• **Directions**:
An exact copy of the data below is needed; please leave out any pictures.
━━━━━━━━
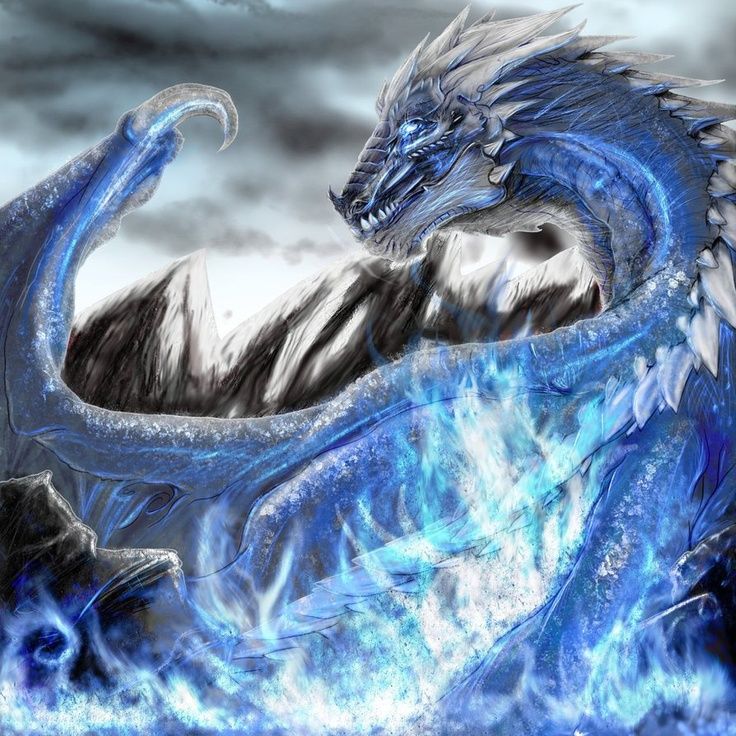 Water Dragon Artwork Wallpapers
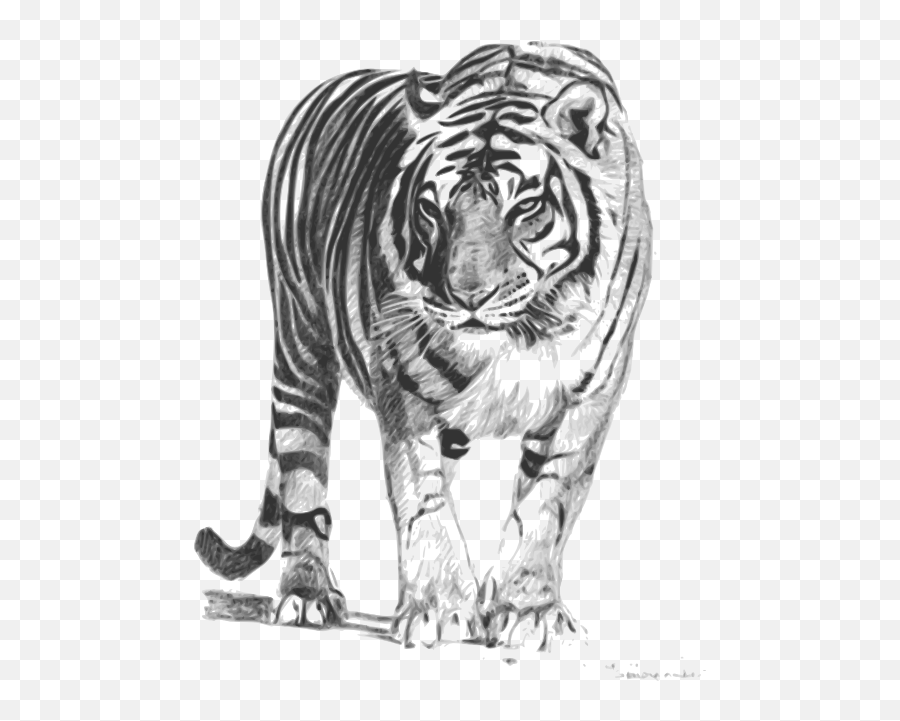 Bengal Tiger Clipart I2clipart - Royalty Free Public Emoji,Free Tiger Clipart
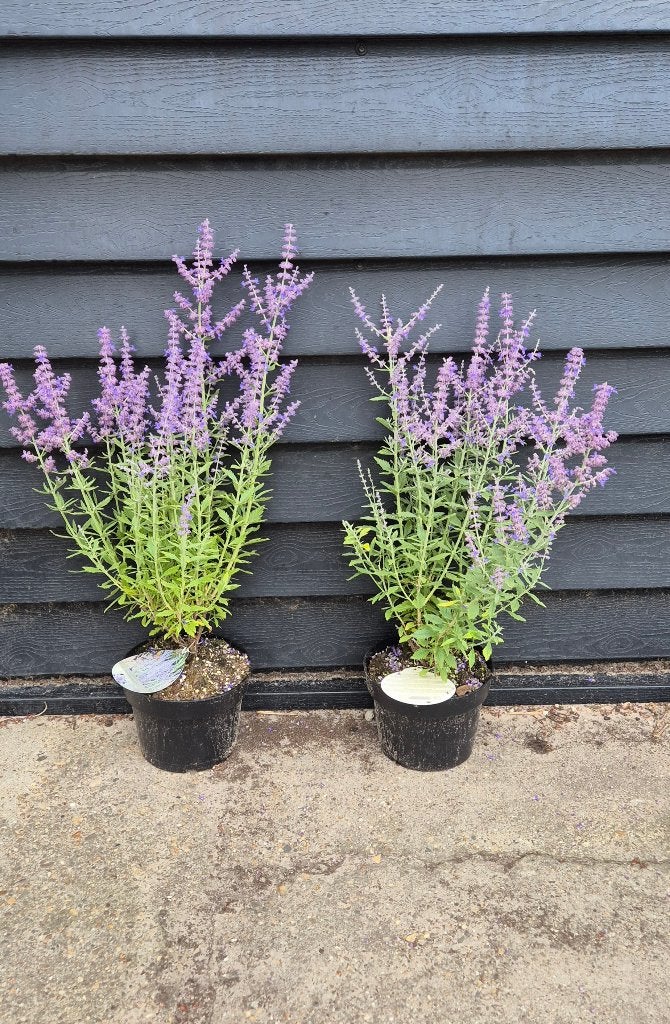 Russiche lavendel | Salvia yangii, Volle zon, Vaste plant, Zomer, Ophalen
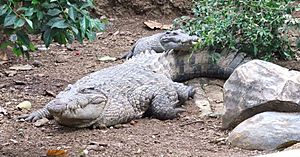 Buaya Irian Crocodylus novaeguineae Bandung Zoo.JPG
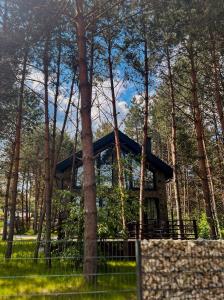 WILLA LABA CHAŃCZA nad jeziorem, dom w lesie z opcją balii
━━━━━━━━
• **Task result**:
 Water Dragon Artwork Wallpapers
 Bengal Tiger Clipart I2clipart - Royalty Free Public Emoji,Free Tiger Clipart
 Russiche lavendel | Salvia yangii, Volle zon, Vaste plant, Zomer, Ophalen
 Buaya Irian Crocodylus novaeguineae Bandung Zoo.JPG
 WILLA LABA CHAŃCZA nad jeziorem, dom w lesie z opcją balii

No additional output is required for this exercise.